What does that mean? Mostly, it means slowing down the assembly line significantly and letting the showrunners and directors take control back from the executives. The only new Marvel film this year will be Deadpool vs. Wolverine, which has a lot of hype following the Super Bowl ad. On the TV side, there is only Agatha: Darkhold Diaries remaining this year (after Echo received a middling reception last month). They feel good about the Kathryn Hahn Wandavision spin-off. They’re also happy with the reception the Fantastic Four casting has received and are putting another scriptwriter on it because they’re banking on that movie to provide the MCU with what’s been missing since the departure of Chris Evans and Robert Downey, Jr. (good luck replacing them with characters that have repeatedly failed at the box office).
They’re also scrapping all things Kang, which they were already in the process of doing after the poor showing of Ant-Man: Quantamania. Smartly, they have also brought in the showrunner of The Bear, Joanna Calo, to work on Thunderbolts, a movie that “centers on villains and antiheroes going on a mission that was supposed to end with their deaths.” Hell yes!

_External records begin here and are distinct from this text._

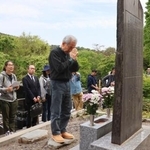 　朝鮮人労働者の慰霊碑の前で手を合わせる参列者＝１８日午後、群馬県太田市の金龍寺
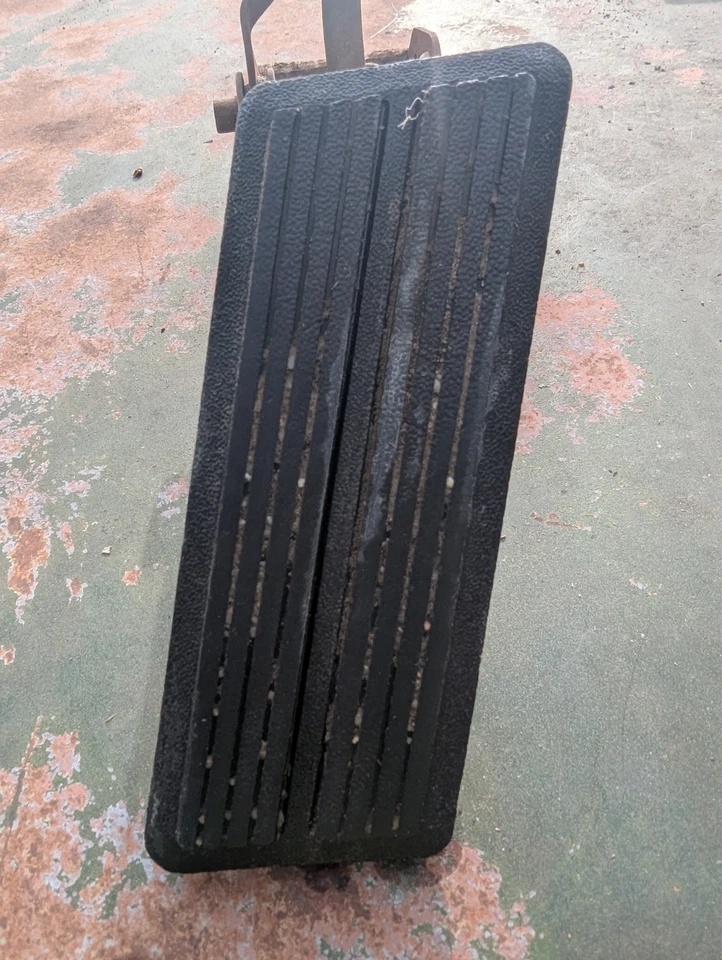 1973 Dodge Coronet Gas Pedal Throttle Assembly Mopar - Image 2 of 4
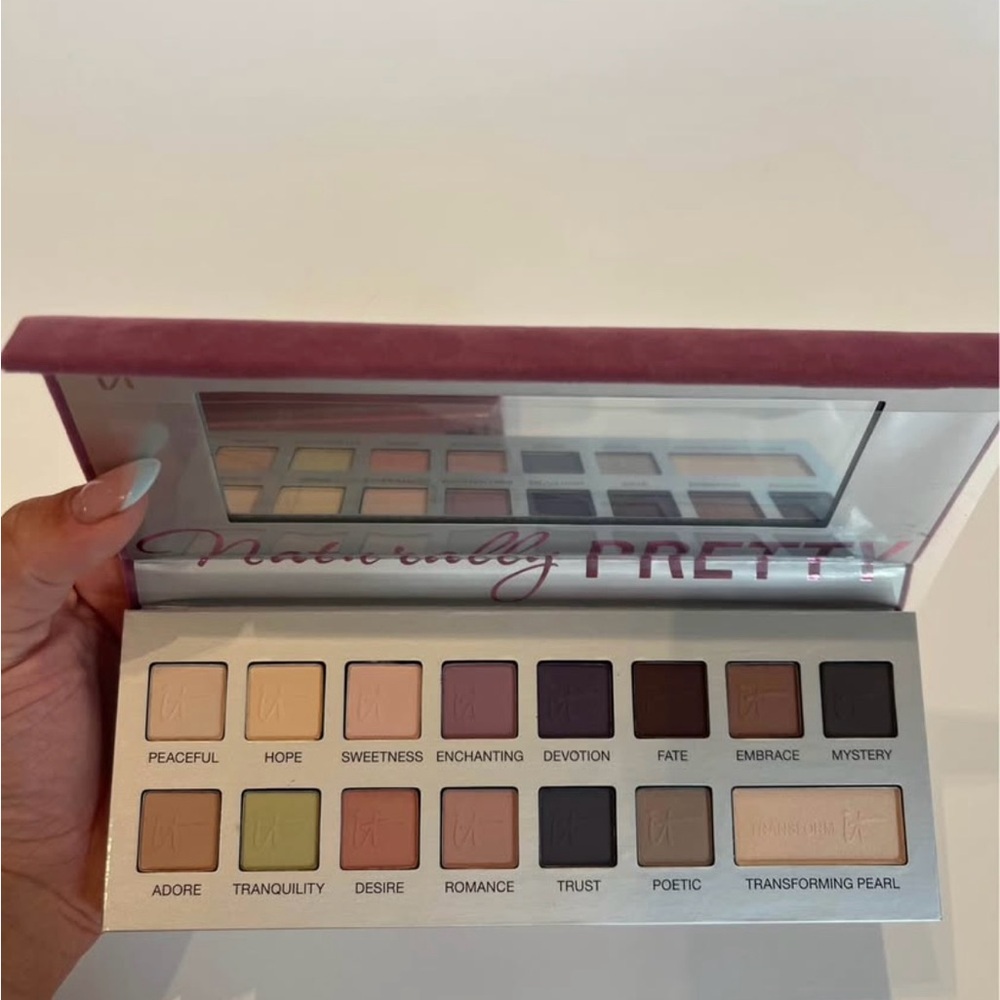 If Cosmetics - Naturally Pretty Eyeshadow Pallet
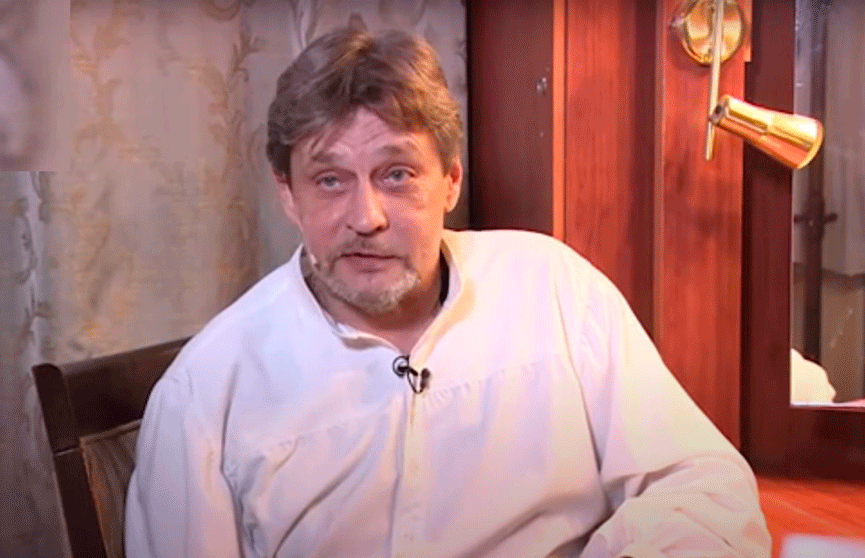Александр Домогаров уволился из Театра им. Моссовета, в котором служил почти 30 лет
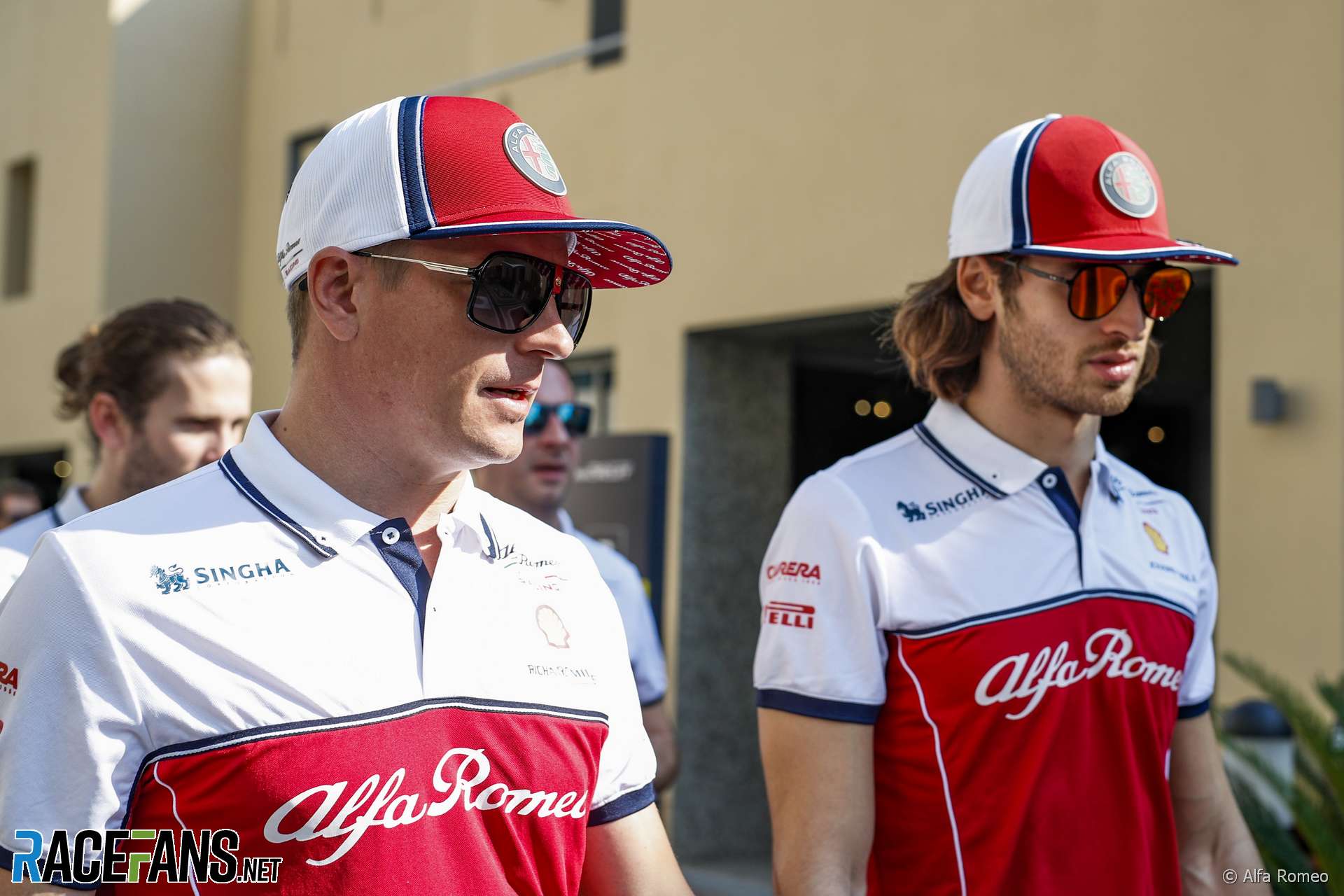 Antonio Giovinazzi, Kimi Raikkonen, Alfa Romeo, Interlagos, 2019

Marvel’s Rogue One! Florence Pugh will star in that.
Meanwhile, following a 2024 with only one new MCU entry, they’re taking it slow in 2025, as well. Captain America: New World Order and Fantastic Four are on the schedule along with Thunderbolts, but they’re likely to punt Blade (co-written by Nicky Pizza) into 2026 to avoid too many releases in one year. “Event films” are not “events” if they’re released every other month.
That’s the big takeaway from the piece: The MCU is going to talk less, smile more while they slow-roll new movies to give them more time to work on scripts and, presumably, give the overworked special effects folks additional time to do their jobs. Disney/Marvel won’t lose money on movies they don’t release. See how profitable shutting up can be?